Jack Twist, I swear: the gay cowboys are back!
Brokeback Mountain arrived on screen in 2005 with great anticipation and even greater reviews. Twenty years later, the film is hitting theaters again for a special anniversary re-release. It’s clearer now than ever just how immediate and far-reaching the film’s cultural impact was, its tale of star-crossed male lovers in the American west forever imprinting on our moviegoing hearts.
One of the film’s standouts was Michelle Williams, launching her career to the stratosphere with one of the film’s most memorable, oft-quoted moments: the entrance of “Jack Nasty” to the lexicon.
The scene occurs after a Thanksgiving dinner, where Heath Ledger’s Ennis joins his now ex-wife Alma (Williams) and her new husband, all keeping face for the sake of the children. In a moment alone together, Alma confesses that she caught Ennis in a lie about the nature of his fishing trips with his old friend, Jake Gyllenhaal’s Jack Twist. She sputters, a knot of anger and fear of the secret she dare not name. With years of pent up venom and lack of understanding, she finally snarls out “Jack Twist? Jack Nasty!”

Two decades on, “Jack Nasty!” has become one of the film’s most enduring lines and a shorthand for retrograde, unsophisticated viewpoints on queer people. But Brokeback Mountain hasn’t always inspired jokes affectionate to the source material.

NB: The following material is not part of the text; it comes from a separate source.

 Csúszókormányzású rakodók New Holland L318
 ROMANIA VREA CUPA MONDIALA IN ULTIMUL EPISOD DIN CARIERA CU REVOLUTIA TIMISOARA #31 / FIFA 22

No matter all the critical hosannas it received, the film was still plagued by several controversies in its original release. There was hand-wringing over its moniker as a “gay cowboy” movie, the heterosexuality of its creators, and an ensuing backlash and dismissal in a Bush-era homophobic culture.
Ernest Borgnine famously snubbed the movie during its Oscar race, telling Entertainment Weekly, “If John Wayne were alive, he’d be rolling over in his grave.” Even at the Oscar ceremony–where the film won three awards, but famously not Best Picture–there were gay jokes.
Though a benchmark for queer cinema in the mainstream, the film became synonymous with gay jokes. “Many, many more people have told a Brokeback Mountain joke than have seen the movie. It’s one of those things that has really transcended itself," the director of the Center for the Study of Popular Television once told The Advocate.
“Jack Nasty!” stills remains something of a punchline. Alma’s place in the love affair between Ennis and Jack has inspired Reddit threads, fancams, and, of course, lots of memes.

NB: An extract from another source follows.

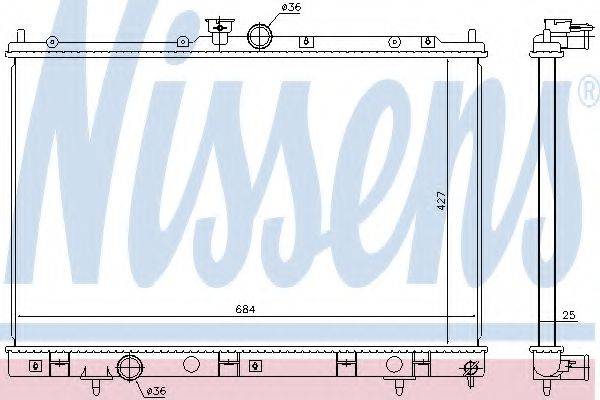 NISSENS 628972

In twisting Jack’s name into a slur, Alma has become an online stand-in for Karen-esque homophobia, even if the film affords her more understanding than that would suggest. While “I wish I knew how to quit you!” became a line used to mock the film’s sentiment in 2005, “Jack Nasty!” became an iconic one for the film’s knowing, intended audience. The reverence for Alma is peak queer irony.
But the line’s quotability all comes from the tragic earnestness flowing from Williams’ performance. At the time, Williams was only two years removed from her run on Dawson’s Creek as the rebellious Jen Lindsay. She had pivoted to small roles in several independent films, such as The Station Agent, but none of them managed to shed the shadow cast by the soapy teen drama until Brokeback.

Even withering reviews that questioned the mildness of the film’s gay explicitness, such as one published by Slant, were effusive about her performance: “But Michelle Williams, as Ennis’s wife Alma, may be the true standout here, fascinatingly spiking her unspoken resentment for her sham of a marriage with a hint of compassion for Ennis’s secret suffering.” Compassion? Um, sure. But the unanimous praise for Williams’ Oscar-nominated performance still stands.

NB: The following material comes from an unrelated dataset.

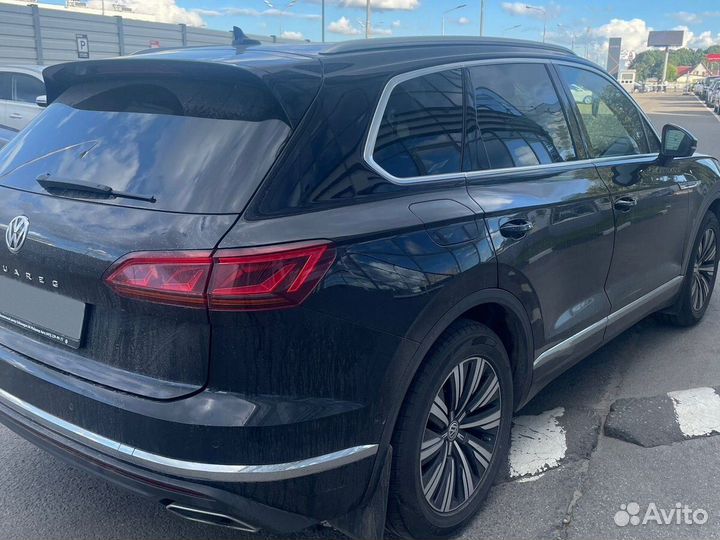 Volkswagen Touareg 3.0 AT, 2019, 113 120 км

It was the first sign that Williams was one of the major performers of her generation. “I never really had attention on me before in that kind of a way, and I think that that attention can be sort of destabilizing,” Williams said later, “I think I felt a little bit frozen for a moment, creatively, about where I would go next, because I felt so free to try things before that, because I didn’t think anybody was really paying attention or really cared that much.”
Earlier this year, Williams joined Andy Cohen on Watch What Happens Live and discussed knowing the film’s immediate impact at the time. “People were so open about it,” she said, “You don’t really get an opportunity to see a lot of grown men cry.” With the film back in theaters this weekend, the opportunity comes once again. “Jack Nasty!”? Jack Weepy!